When setting up a yacht, we seek to choose equipment to match the mission of the yacht at hand. Just as our experienced engineering and design teams would not choose a generator or an air-conditioning compressor that was too small or too large to the task, the same goes for the selection of power on the yacht.

Of course, the wrong choices have been made in the past (though not in our company), and we’ve all seen the results. Boats that have engines that are too large for the application result in increased weight, the need for additional fuel tankage, and tight installation in the engine room, to name just a few problems. Likewise, undersized power can mean engines do not produce enough oomph, resulting in underwhelming performance and overworked engines that withstand more wear and tear and require more maintenance (and thus provide more downtime).

A Well-Thought-Out Engine Room Starts with the Engines

No matter which model of Summit Motoryacht our buyers are considering, they can approach the decision knowing that the choice of engines were considered carefully within the design process. They provide the right amount of power for the yacht, and, linked to the ZF reduction gear, turn the shafts at the proper speed for the propellers we have set up for the yacht.

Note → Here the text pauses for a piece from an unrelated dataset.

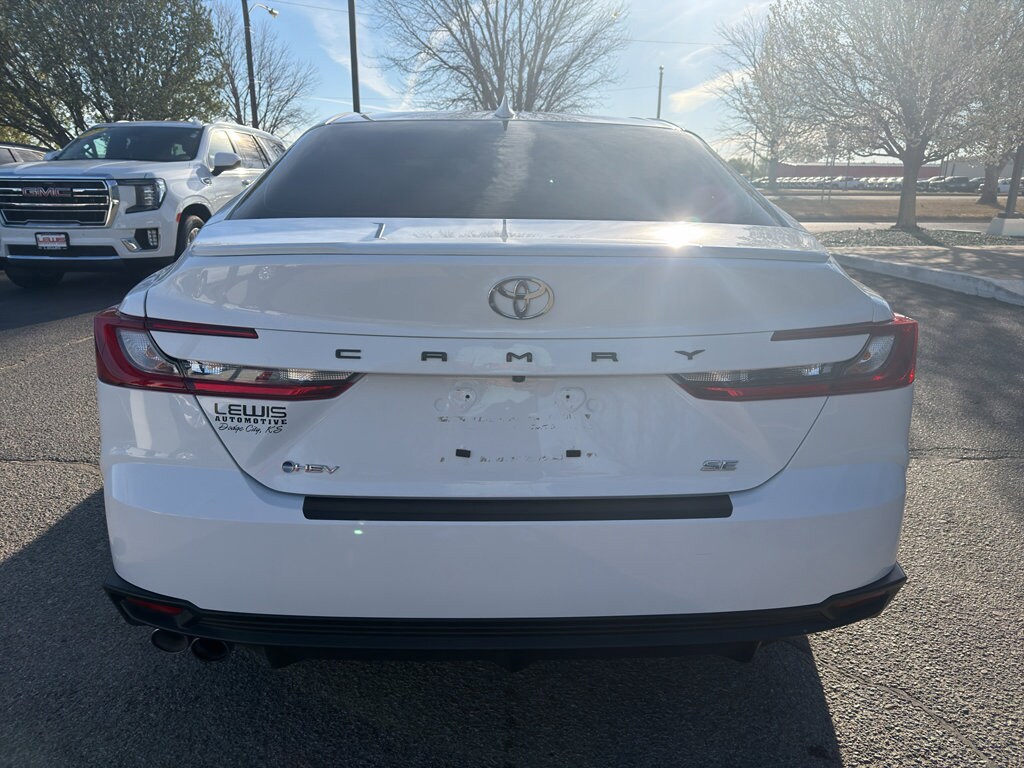 Used 2025 Toyota Camry SE Sedan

An engine room that’s designed around the engines is very important. It means that the engines aren’t shoehorned into a space much too small for them. The shaft angle, a critically important trait to ensure good yacht performance and efficiency, will always be correct. When engines have room around them, an owner can make proper inspections and also reach critical service points. This ensures that the engine will be maintained for optimal service and will generally result in reduced downtime.

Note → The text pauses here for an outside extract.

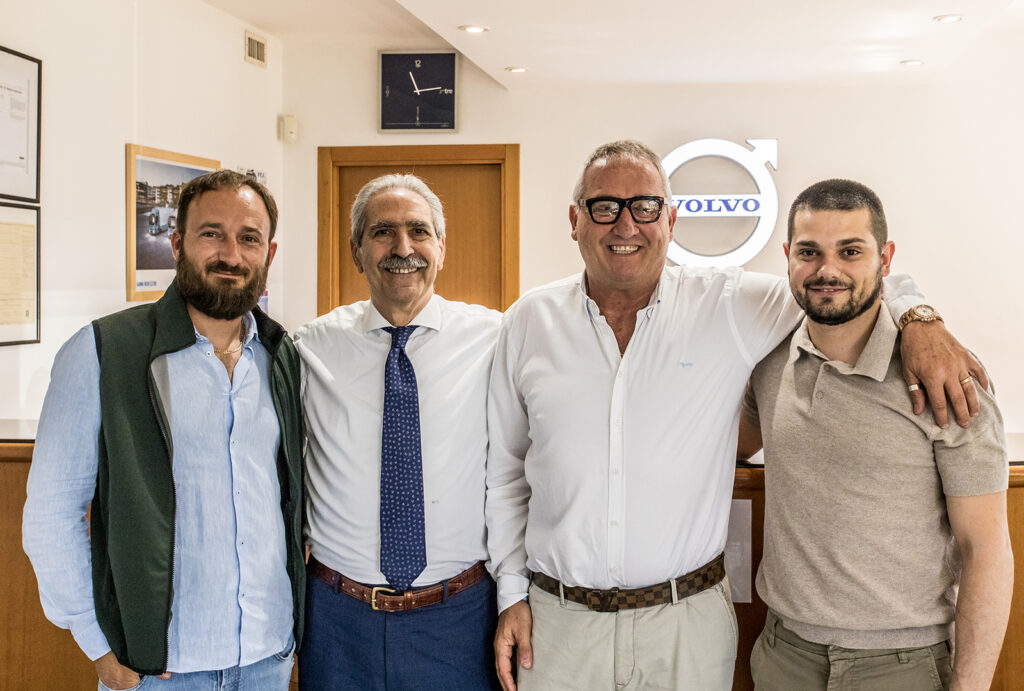 Volvo Trucks, lo storico dealer FCA ha consegnato 52 veicoli al Gruppo D'Innocenti 3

A good engine room in a yacht in the 50- to 70-foot size range is often also expected to hold other onboard equipment, and that rule is true on all our designs. Our engineers review the maintenance specs and service points for all the yachts in question to ensure they are viewable and reachable when positioned in the engine room. Because our boatbuilding history reaches back into the constructure of pure-full-displacement bluewater trawlers, we understand the need for simplified maintenance and the ability to conduct repairs in less-than-ideal circumstances, and the peace of mind that our owners derive from knowing that checks have been made and can easily be made again, to ensure smooth, surprise-free operation.

While initial yachts have been built using the conventional shaft-drive engine configuration, we also understand the efficiency of a purpose-built pod-drive system cannot be denied—they often use less horsepower to deliver speed and maneuverability, with less fuel needed, which lightens the load in line with the Michael Peters Yacht Design concept.